みなさんのお持ちの服の中で、刺繍の入ったものありますか?胸にワンポイントロゴとか、子供服のキャラクターのワッペン刺繍、ジーンズのポケットのド派手なエンブレムとか・・・。うちはそういうアパレル向けの大量生産刺繍工場です。

いまだによく言われるのが、「刺繍」って針つかって手でこうやって・・・日が暮れちゃいます。
うちにあるミシンは、一台に顔(頭)が10~20ついていまして、一度に10~20枚加工出来ちゃいます。そういうコンピューター制御の工業用ミシンを使うと、一日に1000枚くらい出来ちゃいます。
なかなか面白いですよ!こんな風にできるんだあって感じで。
ご興味をお持ちの方は、是非見学にいらしてください!

現在、主だった商品は海外生産に移行。
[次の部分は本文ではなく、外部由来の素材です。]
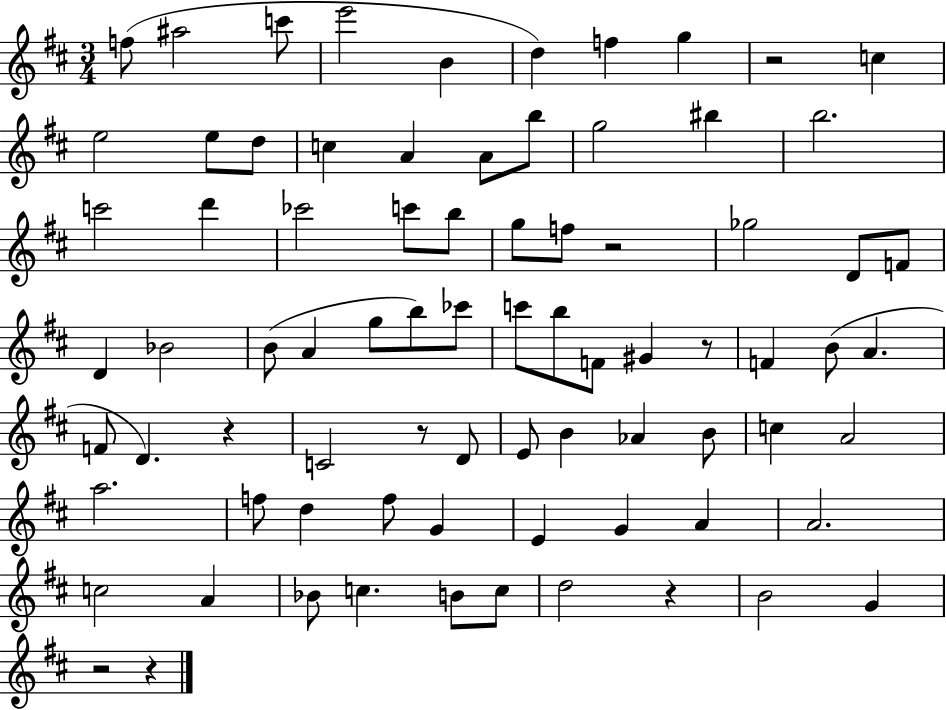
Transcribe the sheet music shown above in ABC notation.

X:1
T:Untitled
M:3/4
L:1/4
K:D
f/2 ^a2 c'/2 e'2 B d f g z2 c e2 e/2 d/2 c A A/2 b/2 g2 ^b b2 c'2 d' _c'2 c'/2 b/2 g/2 f/2 z2 _g2 D/2 F/2 D _B2 B/2 A g/2 b/2 _c'/2 c'/2 b/2 F/2 ^G z/2 F B/2 A F/2 D z C2 z/2 D/2 E/2 B _A B/2 c A2 a2 f/2 d f/2 G E G A A2 c2 A _B/2 c B/2 c/2 d2 z B2 G z2 z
国内で生産される商品は多品種・小ロットで、実際ミシンが動いている時間よりその前後の過程にほとんど費やされてしまいます。苦しい現状です。

そんな苦しい業界の中で、刺繍屋がどのように生き残り、活路を見出して行けるのか・・・!?

ただ、いまだに方向性が決まってないんですよねえ(-_-#)。
何になりたいのか?どうしたいのか?到達点が見えないんですよねえ(?_?)。

その辺りの私個人の心境を、時代のトレンドを追いながら、情報を織り交ぜて書き綴って行きたいと思います。